Advanced Tip – If you’re already aware that other benchmarks exist (like ones for bonds, mid / small cap funds, foreign funds, etc), then you can use a more targeted benchmark to compare against the performance of your choices. To do so would be more of an apples-to-apples comparison.
2) How much am I paying for this mutual fund?
Every mutual fund option you choose will have a fee called an “expense ratio”. Your goal is try to pick the ones with the lowest fees possible.
Overlooking the expense ratio fee is another big mistake when picking your 401k funds. A fund with too high of fees can have significant implications on your returns. Here’s an example:
Ouch! Not only is that $1,890 in fees if you have a $100,000 portfolio, but let’s say the fund only returned 3.06% (as in the example up top). That means you’re really only making 3.06 – 1.89 = 1.17% per year, or -1.83% if you count a 3.00% inflation rate. Terrible!
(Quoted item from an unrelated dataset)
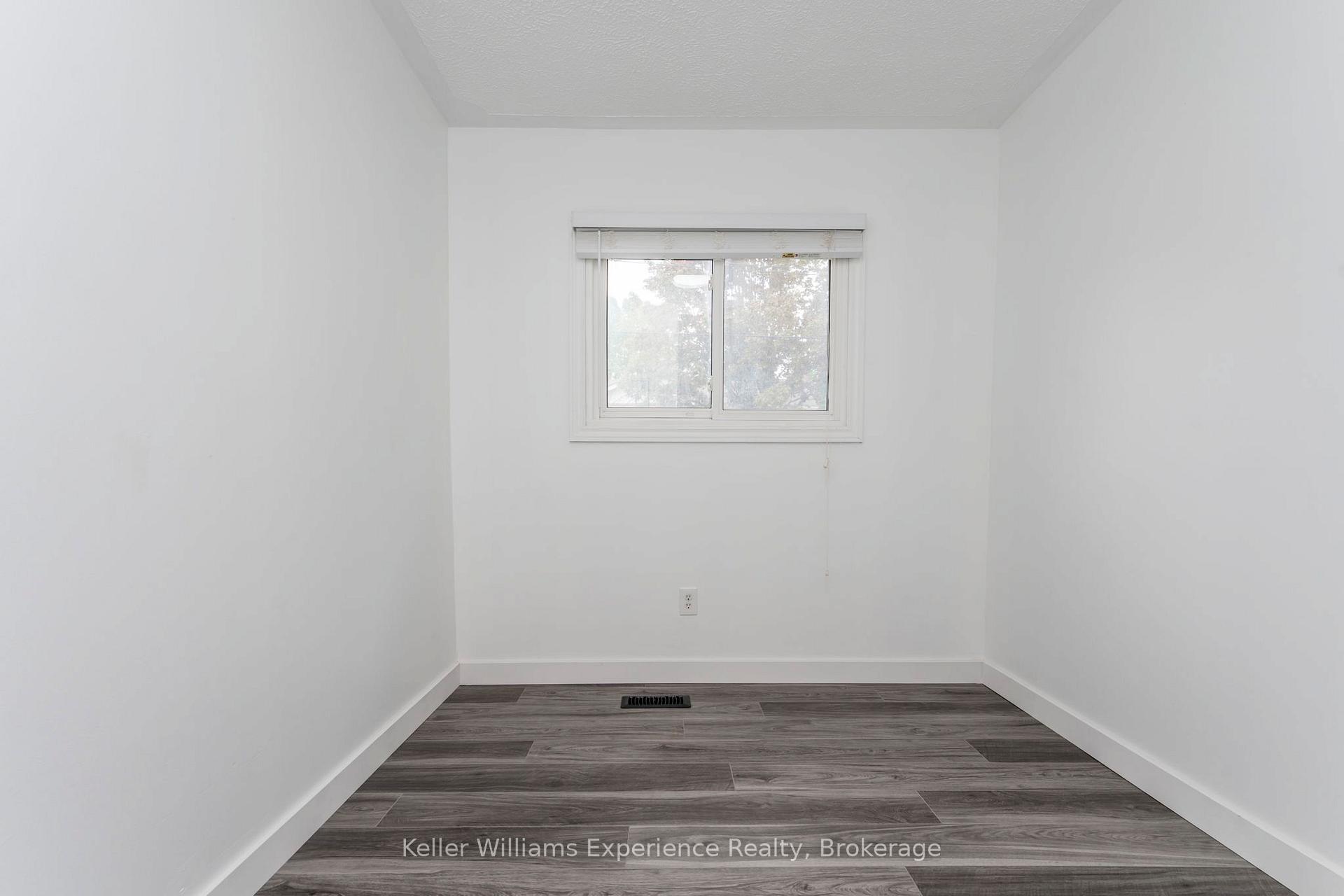 Photo 12 of 258 Ruby Street, Midland — HOMEH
What’s a “normal” expense ratio? Well, consider a passively managed index fund such as the “Vanguard 500 Index Fund Investor Shares (VFINX)” has an expense ratio of 0.17%. For that same $100,000 portfolio, that’s only $170 per year in fees. How’s your choice comparing?
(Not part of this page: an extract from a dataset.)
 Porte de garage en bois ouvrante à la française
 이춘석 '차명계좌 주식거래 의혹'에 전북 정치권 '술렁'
As a rule of thumb, anything over a 1.00% expense ratio is probably more expensive than it needs to be.
3) What does Morningstar think of this fund?
Have you ever heard of “Morningstar”? Morningstar is a service that ranks mutual funds on a five-star system (i.e. the more stars the better). Although a Morningstar rank is not a perfect sign of an all-star pick or great returns to come, it does hold some weight. They use far more criteria to judge mutual funds than you and I would ever consider. Here’s an example:
If nothing more than a second opinion, use the Morningstar ranking as an aide to picking your winning funds. If the ranking wasn’t given in the information you received, you can go to Morningstar’s website and easily search the fund yourself.
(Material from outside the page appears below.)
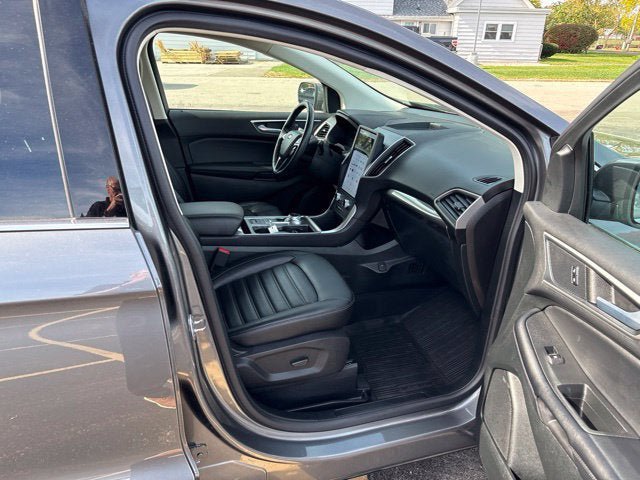Certified 2023 Ford Edge SEL w/ Convenience Package AWD/4WD image 5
4) How diversified do I want to be?
Not all funds invest in the same thing or the same place. And to some degree, you can use this to your advantage.
Without getting too technical, you can pick some funds that are more aggressive at returns (and riskier) than others. For example:
• Risk increases as you go from large to medium to small funds.
• Rick increases as you go from value to growth funds.
• Foreign funds are perceived as riskier than US stocks, and US stocks are usually more risky than bonds.
A big part of which ones to pick depends on how you feel about risk. If you’re willing to gamble, then put some (not ALL) of your money on the riskier choices. But if the thought of losing your money haunts you at night, then stick to the safer choices.
In the absence of all else, use the old rule of thumb:
• 110 – Your Age = The percentage of your portfolio that should consist of stocks. The rest should go into safer investments like bonds.
On the breakdown of stocks, try to spread at least a small amount of your money into the small/mid cap or foreign funds. I wouldn’t recommend exceeding a 20% allocation in any one of these categories.
5) How does this fund compare to other choices?
Everything is relative. Some employer plans offer anywhere from 10 to 100 mutual fund choices. Although your options may not rival the 8% benchmark or come close to the 0.17% expense ratio, you may just have to simply play the hand you’ve been dealt – Especially if you are trying to qualify for your employers 401k match.
Perhaps your 401k fund options aren’t perfect, but there will be some that are better choices than others. Remember – Use these tips to help make the best of the choices you have.
Readers: How do you choose funds for your 401k or employer retirement plan? What special criteria do you use? Beginners – Are there any other questions you have you have when you’re first making your choices?